The precedents of Haiti (1994), Kosovo (1999), East Timor (1999), Afghanistan (2001) and other states suggest that as donors respond to the immediate emergencies of a "failed state" in transition, an array of aid and relief organisations rushes to the scene and in rapid-fire fashion assembles a rat-tat-tat of project-proposals for delivery by Monday week.

This "aid rush", in both process and outcome, carries the same kind of dangers as any adrenalin-fuelled activism. It can become not a catalyst for the creation of institutional capacity but an instrument of division, resentment and corruption. The United Nations and its agencies may try to ensure equality, but the apparent randomness of allocations often feeds a sense of unfairness among citizens and jealousies between the country's regions and groups. The cascade of distributive schemes spreads a sense of entitlement without legal foundation, as it is not rooted in legal and policy frameworks. The unintended consequences can include severe inefficiencies, arising for example from staffing hundreds of project-units where redundant or duplicate layers of management are paid exorbitantly to oversee costly and/or misdirected projects.

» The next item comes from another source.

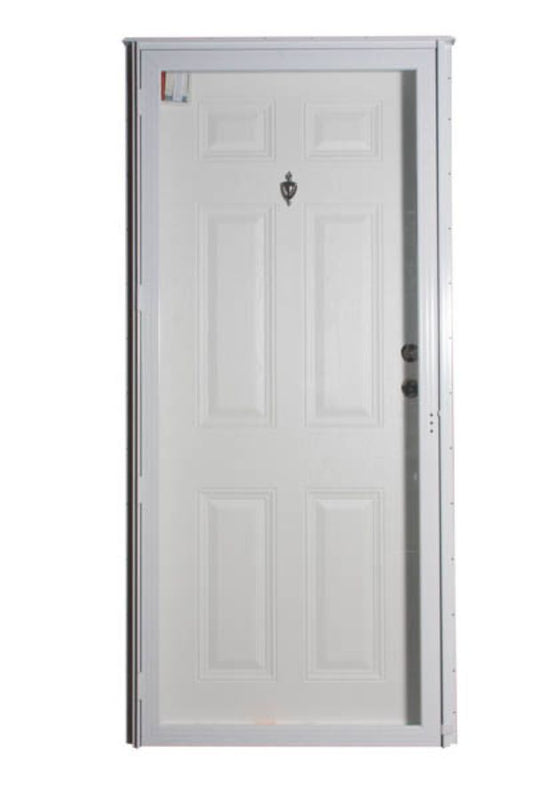 34" X 76" LEFT HAND 6-PANEL WHITE/WHITE CORE 4" JAMB WHITE ALL GLASS STORM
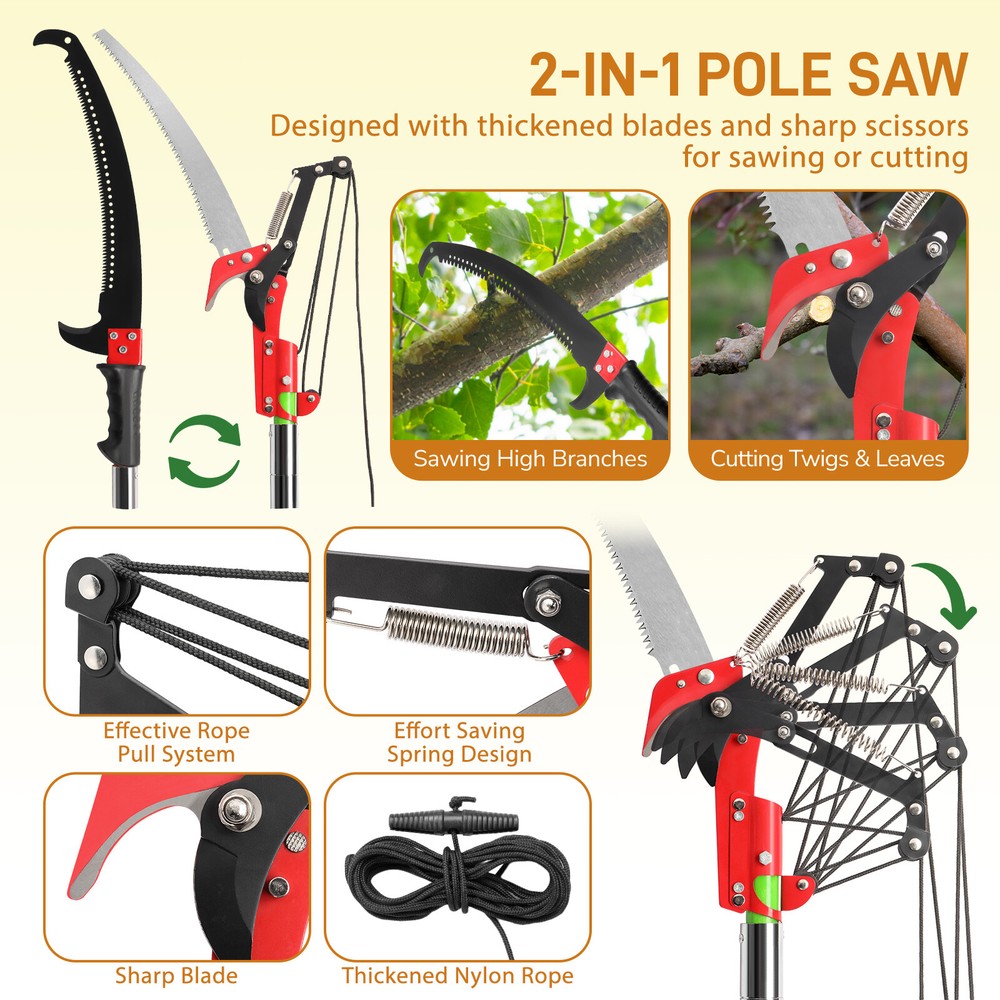 Tree Pruner Pole 26 ft. Saw Branch Limb Pruning Cutter Trimmer Extendable Shaft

The result is that both government and citizens are bypassed, and the government loses the capability to respond to its citizens' complaints. The aid agencies managing the projects are based in capitals far away, beyond the reach of domestic citizens and with no direct legal responsibilities to recipients. There is a double loss of accountability, as citizens in the newly liberated countries have no official recourse and those in the aid agencies' own countries are too remote from the facts on the ground to hold those agencies answerable.

The Kabul rush

Afghanistan after the fall of the Taliban regime in November 2001 is a classic case. In Kabul that December, exhausted UN officials prepared more than 400 projects over a ten-day period - a rush impelled by the UN agencies' desire to ensure that they (and not the World Bank-administered trust fund) garnered the bulk of the resources about to be pledged by donors at the Tokyo conference of 21-22 January 2002. The UN bodies routinely find themselves in a financial crisis that means every emergency appeal is also seen as an opportunity to meet their headquarters' overheads. These efforts to raise finances are understandable, but not necessarily productive for the countries that the agencies set out to help.

The brochures describing the projects in Afghanistan were written in engaging language that employed all of the currently fashionable development vocabulary. In fact, however, the glue holding them together was nothing more than a random collection of initiatives put together in response to the available $1.8 billion that the aid system had allocated to the United Nations. The money - not any precise understanding of needs, thorough assessment of priorities or extensive cost-benefit analysis - came first, and shaped the result. This has contributed to a situation today where popular resentment with the apparent waste and ineffectiveness of UN agencies and NGOs runs very deep and provides a platform for demagogic politicians to demand draconian measures against the international presence.

The new government in Afghanistan was in 2002 acutely aware of the need for a peace dividend. It was also the sole body with the requisite legitimacy and breadth of vision to develop a comprehensive strategic framework. Some of the early aid programmes indeed provided visible results across the country and displayed signs of partnership between government and people that could enhance popular trust in government. Yet the national programmes devised by Kabul were actively impeded and subverted by those who lacked both legitimacy and the necessary vision to determine sound policy. The mistakes of this early period have been costly; more than six years afterwards, Afghanistan is beset by deep problems of which armed conflict is only the most visible (see Paul Rogers, "Afghanistan in an amorphous war", 19 June 2008).

The new model

What happened in Afghanistan has parallels with other many other post-conflict zones. Its lessons are multiple and relate alike to donors and recipients, external agencies and internal authorities, global citizens and local actors (understanding that in "failed state" situations, these categories are often intermingled). For the "internationals", Afghanistan teaches that parallel organisations do not result in creation of functioning states; that technical assistance is often wasteful; and that coordination among donors remains elusive.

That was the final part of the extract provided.